Example of Extracting Comments From a Microsoft Word Document


Overview


This post shows one way to grab all the comments from a Microsoft Word document and display them as HTML. We last tested this August 2021 with the latest version of Microsoft Word.

The method shown here leverages the fact that, starting with Word 2007, documents are zipped packages of XML files and associated resources that can be "cracked" open simply by changing the extension from .docx to .zip. This capability is part of the Office Open XML standard, ECMA-376. In other words, a Word document is really a ZIP package that inside contains a virtual directory structure with XML files and resources (like images) that comprise the document. The package concept as described on MSDN is analogous to a filing cabinet. There is a good tutorial on the open format on this Office training page. The ZIP-like behavior applies to more than just the Word format we are dealing with here. It applies to Excel spreadsheets (.xlsx), PowerPoint presentations (.pptx) and XPS documents (.xps).

We thought this was kind of interesting when we first learned about it and thought about a way to exploit this format. What we came up with is a scenario when you want to get the comments out of a document, which turns out to be common. With that in mind, let's begin.

The steps


Suppose you have the document "Software Spec.docx" that has comments in it with at most hyperlinks in them and you want to extract all the comments and hyperlinks. First we'll need to get at the comments stored as an XML file inside the package. To do this, add the extension .zip to the file name and then unzip the file so that you end up with a directory looking like this:

OPC - Word Comments Screen4

If you go into the unzipped folder you are at the top level folder:

OPC - Word Comments Screen1

If you go into the word directory, you should see something that looks like the following image:

OPC - Word Comments Screen2

This contains the file comments.xml that has the comments in it. But we are also considering that the comments have hyperlinks in them, so we need to go even further and go into the _rels folder. 

OPC - Word Comments Screen3

In the _rels folder there is a comments.xml.rels file that contains the hyperlinks that are used in the comments. Together the comments.xml and the comments.xml.rels can be used to get what we want. (If you don't have a comments.xml.rels it means your comments don't have any hyperlinks in them. See step 2 below for more information)

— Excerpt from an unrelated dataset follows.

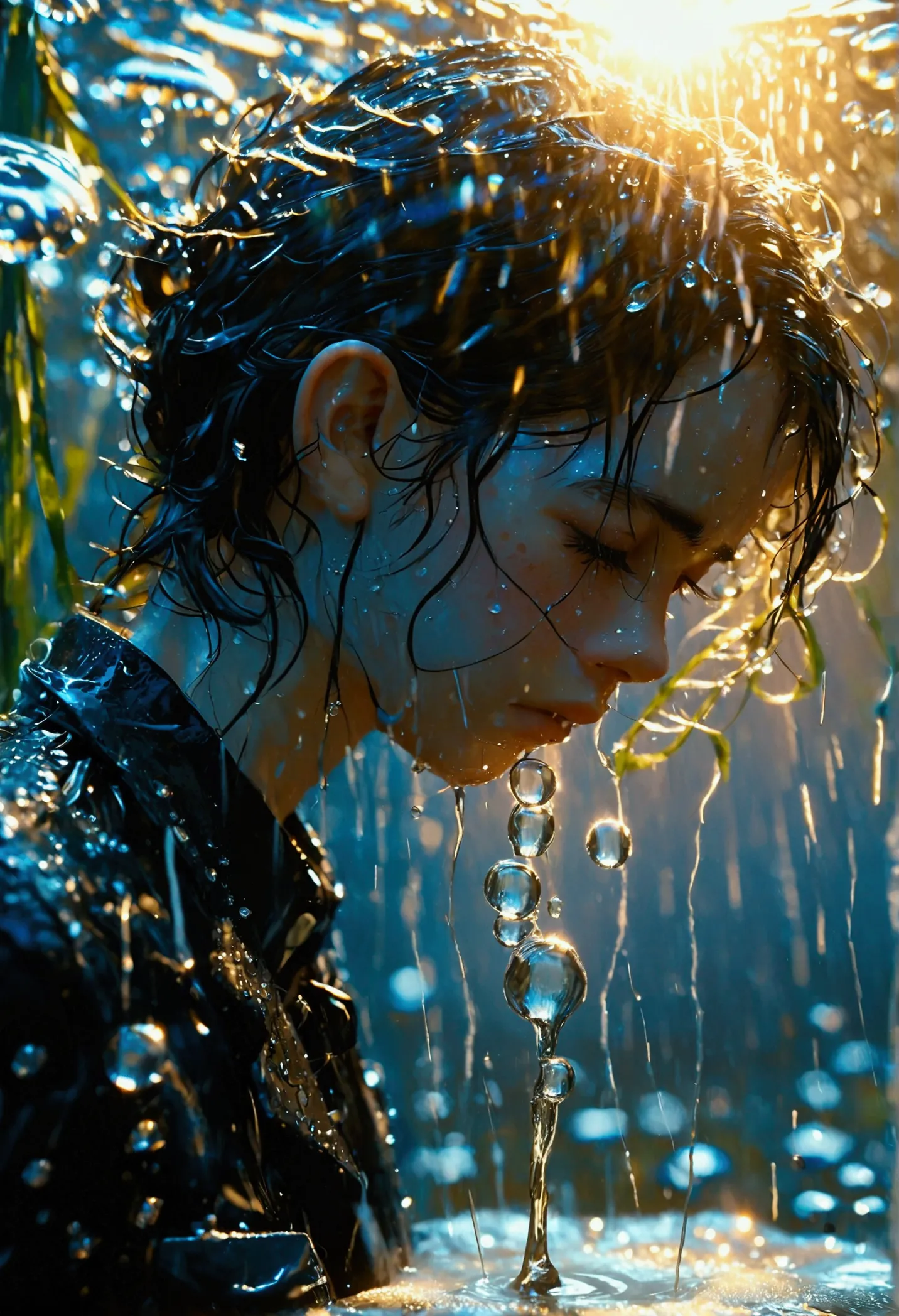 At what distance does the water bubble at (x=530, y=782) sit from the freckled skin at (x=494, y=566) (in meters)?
0.34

To get the comments out we'll use an XSL transform on the two XML comment files to transform XML to HTML. So the basic strategy is this :

1. Take the comments.xml as is and place in a directory (we'll call it the transform directory) where we'll do the transformation. A different transform directory than the unzipped folder is best to avoid confusion.

2. In the transform directory, also put the comments.xml.rels file.

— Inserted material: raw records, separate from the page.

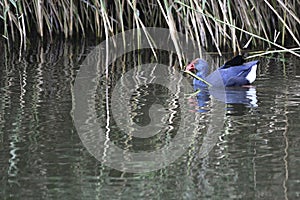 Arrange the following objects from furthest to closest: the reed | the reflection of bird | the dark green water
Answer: the reed < the reflection of bird < the dark green water

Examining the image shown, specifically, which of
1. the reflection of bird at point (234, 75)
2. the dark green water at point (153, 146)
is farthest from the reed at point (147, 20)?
the dark green water at point (153, 146)

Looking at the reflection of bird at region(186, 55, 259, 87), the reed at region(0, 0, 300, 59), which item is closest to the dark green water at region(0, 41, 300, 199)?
the reflection of bird at region(186, 55, 259, 87)

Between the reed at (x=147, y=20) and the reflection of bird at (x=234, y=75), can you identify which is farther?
the reed at (x=147, y=20)

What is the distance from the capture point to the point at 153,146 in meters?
3.71

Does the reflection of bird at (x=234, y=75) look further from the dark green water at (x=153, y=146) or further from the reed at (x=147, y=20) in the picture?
A: the reed at (x=147, y=20)

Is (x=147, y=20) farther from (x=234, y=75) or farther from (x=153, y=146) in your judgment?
(x=153, y=146)

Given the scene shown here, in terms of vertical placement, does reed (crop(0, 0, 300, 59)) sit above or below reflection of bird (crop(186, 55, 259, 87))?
above

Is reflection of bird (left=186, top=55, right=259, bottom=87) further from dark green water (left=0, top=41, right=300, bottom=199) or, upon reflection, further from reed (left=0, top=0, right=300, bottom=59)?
reed (left=0, top=0, right=300, bottom=59)

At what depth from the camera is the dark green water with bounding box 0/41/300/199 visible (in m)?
3.01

If you don't have a comments.xml.rels file, it means the comments in your Word doc don't have any hyperlinks. If this is the case, create an empty comments.xml.rels file. Technically, this isn't really necessary, you can leave out the file and the transform will fail gracefully.

3. In the transform directory, create a transform.xslt file and put the content shown below in the code section in it. 

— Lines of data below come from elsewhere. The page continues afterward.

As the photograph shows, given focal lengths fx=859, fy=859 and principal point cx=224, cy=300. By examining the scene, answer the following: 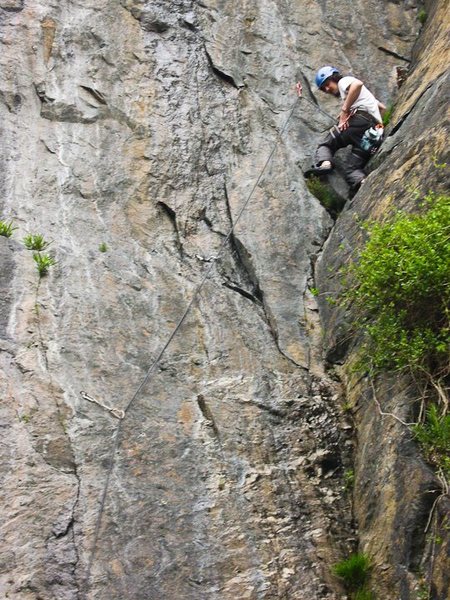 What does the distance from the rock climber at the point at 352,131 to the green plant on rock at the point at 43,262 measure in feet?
11.5

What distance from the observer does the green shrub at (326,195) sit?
405 inches

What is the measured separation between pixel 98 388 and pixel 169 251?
211 centimetres

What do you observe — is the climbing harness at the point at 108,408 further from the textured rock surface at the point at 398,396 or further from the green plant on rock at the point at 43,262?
the textured rock surface at the point at 398,396

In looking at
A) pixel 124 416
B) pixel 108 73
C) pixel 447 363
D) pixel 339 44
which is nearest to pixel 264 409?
pixel 124 416

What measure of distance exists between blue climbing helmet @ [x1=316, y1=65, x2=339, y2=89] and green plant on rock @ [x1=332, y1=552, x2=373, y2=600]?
635 centimetres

4. In the transform directory, create a stylesheet.css file and put the content shown below in it. This is optional, but makes the output look nicer. The transform uses speech bubbles to display comments, an idea that comes from http://nicolasgallagher.com/pure-css-speech-bubbles/.

5. Finally, in the comments.xml file, add the line that references the transform.xslt file. This additional line will be the second line in your file. (See full file example in code section below.)

<?xml-stylesheet type="text/xsl" href="transform.xslt"?>

6. See the comments with transformation and stylesheet applied. Once upon a time, you could just open the comments.xml file in a browser and the comments would be transformed. Over time, security made this trickier and rightly so. If you are a developer, you probably have your favorite way to transform the XML to HTML, like using Visual Studio. The easiest way we found to do is as follows:

a. Be sure all Edge browser windows are closed and start a new version with:

Windows Key W + R
msedge --allow-file-access-from-files

b. Or, if you work in Chrome, close all Chrome browser windows and start a new version with:

Windows Key W+ R
chrome --allow-file-access-from-files

c. Drag the comments.xml into the new browser window and the browser should transform the XML for you.

d. Kill the browser started because you should only use it for this test.

Run dialog box opening Edge to allow file access from files


Extending the transform


Above we specified that we were dealing with comments with hyperlinks. But, more generally, comments in a Word file can have images, SmartArt and a lot more. To make the comment extraction method given here more robust you would need to modify the XSLT to take all this into account. For example, if you inserted a SmartArt Graphic into a comment, the word\comments.xml file would reference a relationship in the word\_rels\comments.xml.rels file which would reference word\diagrams\data1.xml (for example) that might in turn reference another file \word\diagrams\drawing1.xml (for example). The point is, it can get quite complicated and all the paths need to be followed to reconstruct the comments as they appear in the document.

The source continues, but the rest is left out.